HAM Radio 101

Five Mistakes I Made as a New Ham, Part 2: Having a Lack of Focus

Editor’s Note: Troy Blair, KE8DRR, DX Engineering customer/technical support specialist, enjoys sharing personal stories about his involvement in amateur radio so others can learn from his experiences in the true spirit of being an Elmer. Check out some of Troy’s other articles including, QRP Operation: How Low Can You Go” and Lightening Your Go Kit.” Enter “Going it Alone” to read part 1 of his “Five Mistakes” series.

Mistake #2…Having a Lack of Focus

The second mistake I fell victim to was utterly overwhelming my mind—and bank account—in pursuit of finding the “best” equipment and operating practices available, ranging from the top radio to the ideal operating mode to the best sources of information. One thing our hobby does not lack is opinion givers. When I was new to the hobby, I thought everyone who spoke up with an opinion was an expert.

I soon found that opinions are a dime a dozen, but as a new ham I initially took them all to heart. Some operators get upset when another gives their opinion, especially if it differs from theirs. I learned early on that for the most part, hams are proud of their equipment and want to share what works for them. Keep in mind that if they share with you what they have and how it works, that is great.

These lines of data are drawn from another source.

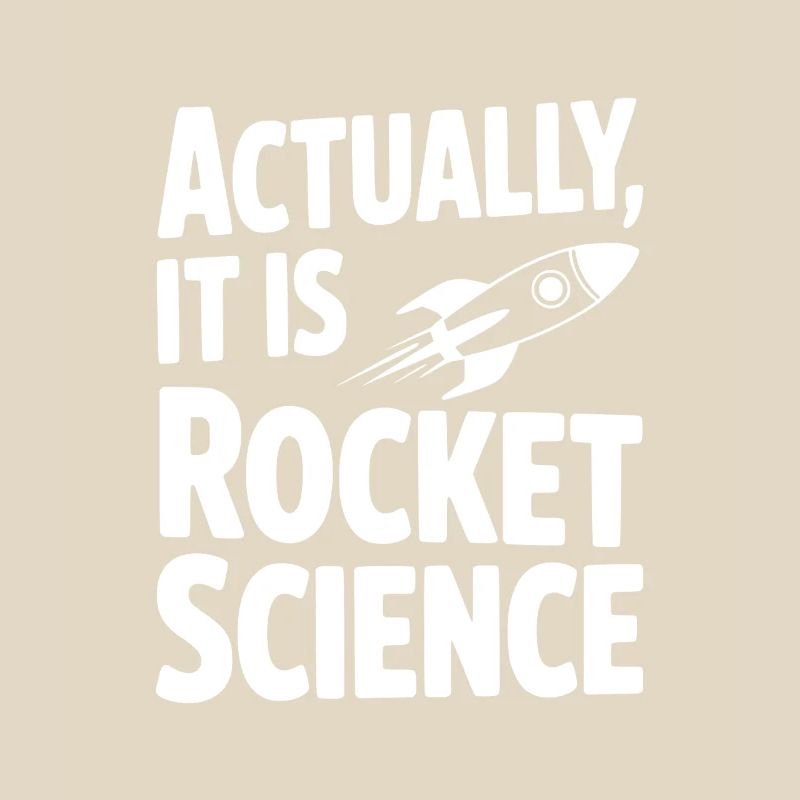 Actually It Is Rocket Science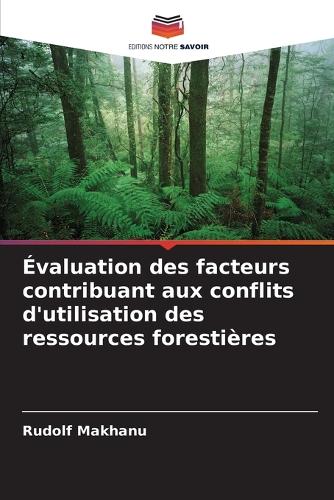 Évaluation des facteurs contribuant aux conflits d'utilisation des ressources forestières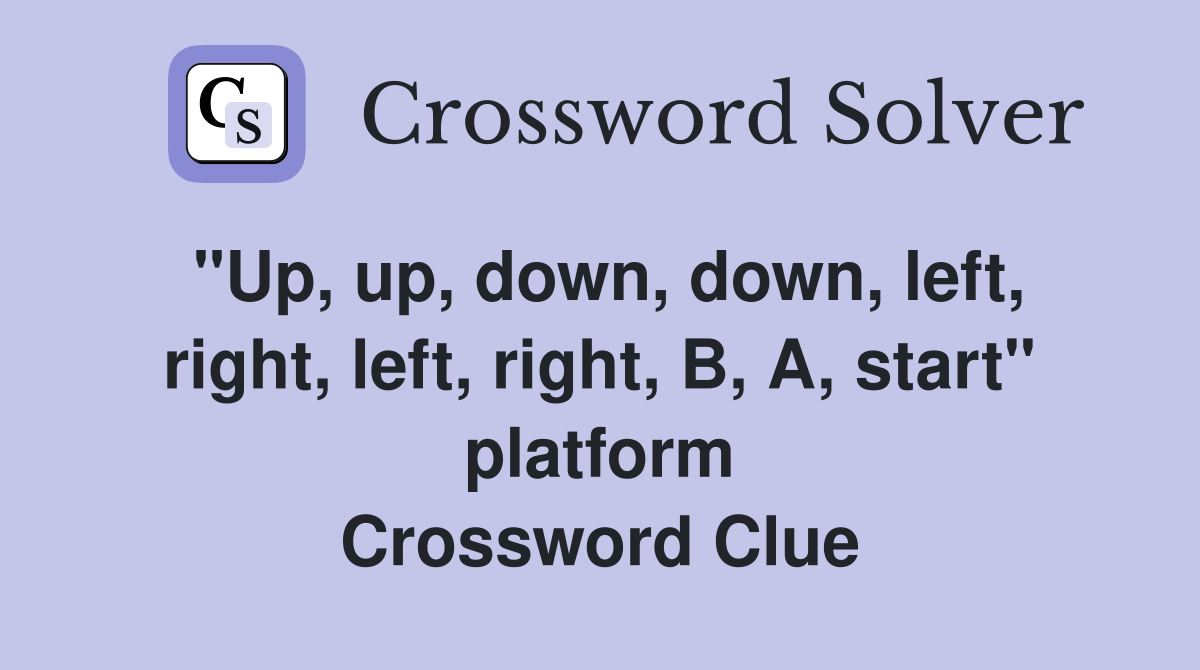 "Up, up, down, down, left, right, left, right, B, A, start" platform Crossword Clue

It does not mean that it is the only way to do the job or that it will work for you.

I would read a review or a social media post about a great operation and get all fired up. I would begin formulating a plan to obtain the exact setup that this person had. Many times it would include homebrewed or repurposed components that were just not that accessible. After my attempt at a project would deflate like a balloon, I would move on to the next great thing. It didn’t take long before I had a collection of partial projects and very little in the way of functional equipment.

I decided to follow the path that many hams take by selling off these items to finance my next project. I took a detailed inventory with good pictures and began posting. I was able to sell most of what I ultimately deemed not usable in the near foreseeable future. I then began looking at what I wanted to do well and took a laser focus on it. For me, it was EmComm. I compiled a comprehensive list of what I needed to construct both base and portable stations for that purpose.

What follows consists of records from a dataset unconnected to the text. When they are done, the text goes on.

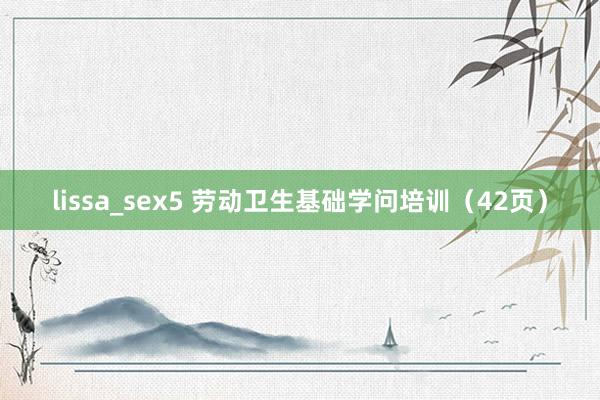 lissa_sex5 劳动卫生基础学问培训（42页）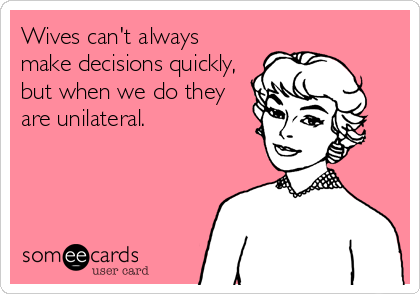 Wives can't always
make decisions quickly,
but when we do they
are unilateral.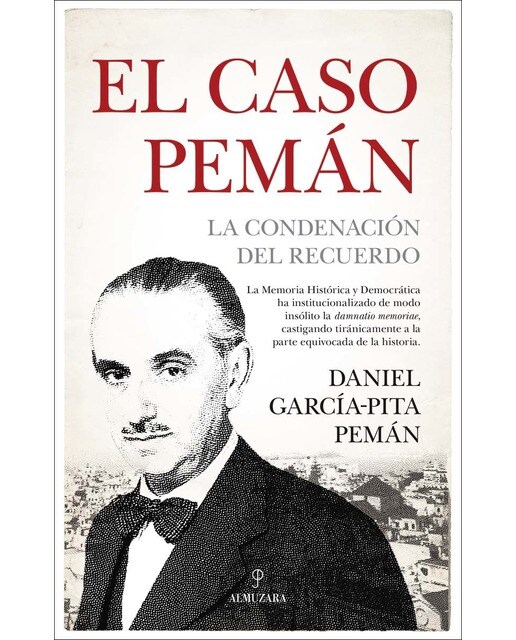 El caso pemán: La condenación del recuerdo(Tapa blanda) 1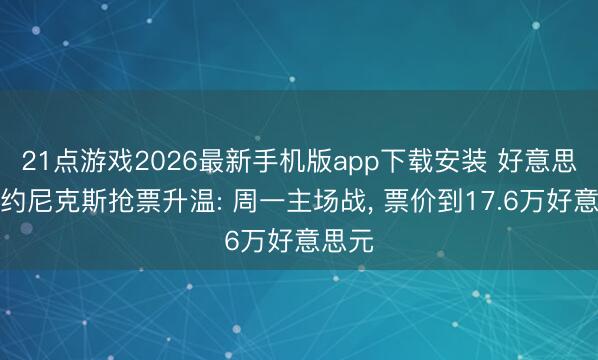 21点游戏2026最新手机版app下载安装 好意思国纽约尼克斯抢票升温: 周一主场战， 票价到17.6万好意思元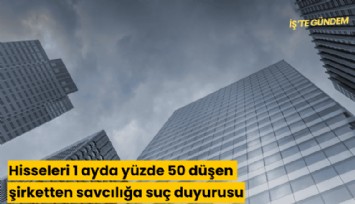 Hisseleri 1 ayda yüzde 50 düşen şirketten savcılığa suç duyurusu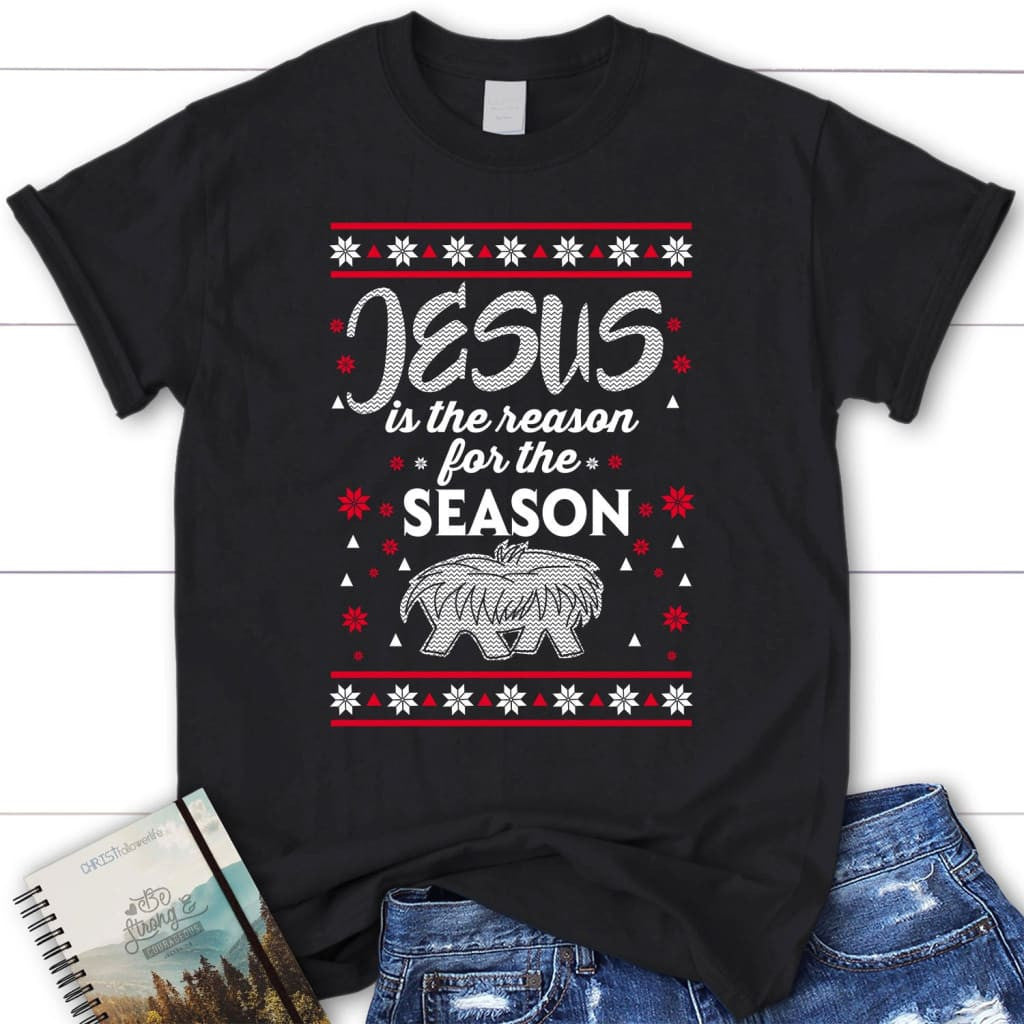Jesus is reason for the season Christmas women's Christian t-shirt
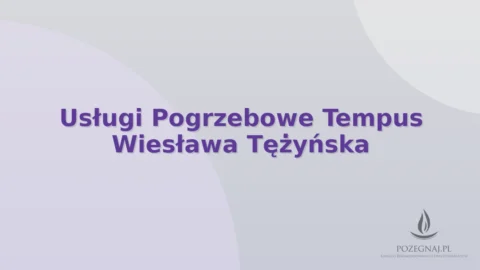 Usługi Pogrzebowe Tempus Wiesława Tężyńska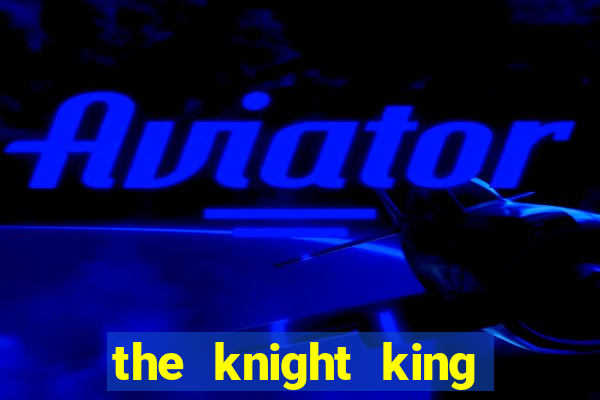 the knight king who returned with a god pt br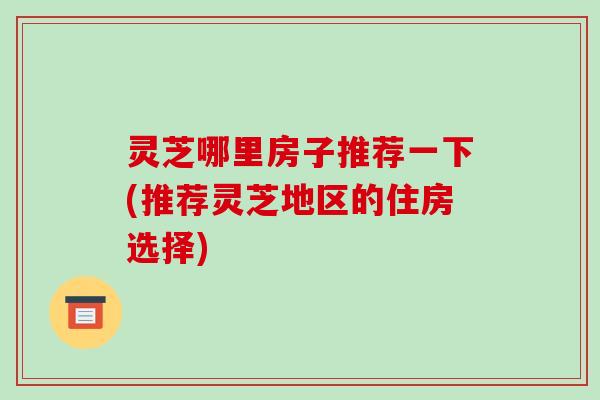灵芝哪里房子推荐一下(推荐灵芝地区的住房选择) 灵芝哪里房子推荐一下(推荐灵芝地区的住房选择)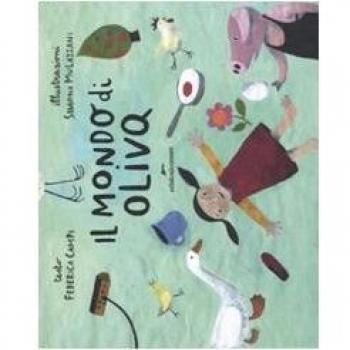 Il mondo di Oliva. Ediz. illustrata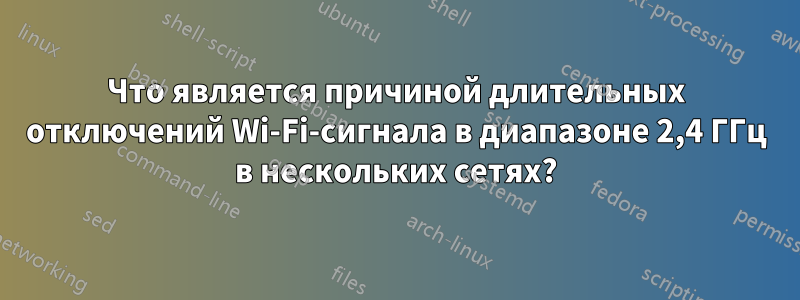 Что является причиной длительных отключений Wi-Fi-сигнала в диапазоне 2,4 ГГц в нескольких сетях?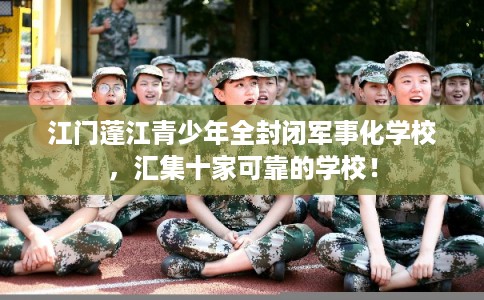 江门蓬江青少年全封闭军事化学校，汇集十家可靠的学校！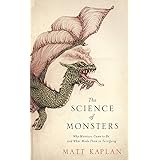 The Science of Monsters: Why Monsters Came to Be and What Made Them so Terrifying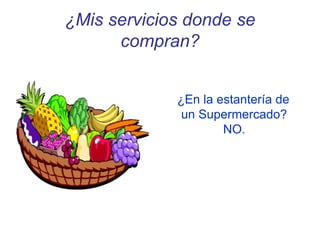 ¿Mis servicios donde se
compran?
¿En la estantería de
un Supermercado?
NO.
 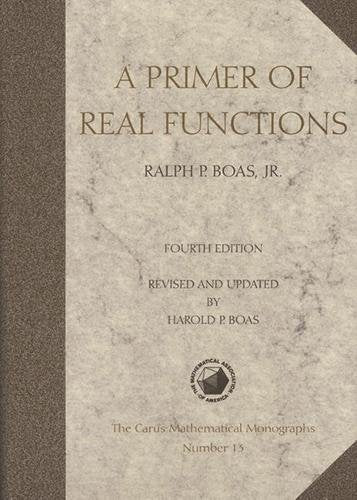 A Primer of Real Functions (Mathematical Association of America Textbooks, Series Number 13)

I was able to get those EmComm stations equipped and set up. From there I disciplined myself to avoid my behavior of chasing squirrels in multiple directions and became intimately familiar with the deployment and use of the equipment in my EmComm stations. Having an elaborate, photogenic shack only goes so far. I desired possessing the knowledge, skills, and attitude to use this equipment to benefit my family and community if the need arose.

I encourage anyone getting into our great hobby to decide what they want to do FIRST and learn to do it well. Then you can move on to other facets of the trade. Failure to do so will frustrate both you and your significant other, who has to look at all of the “stuff” you collected and are not using.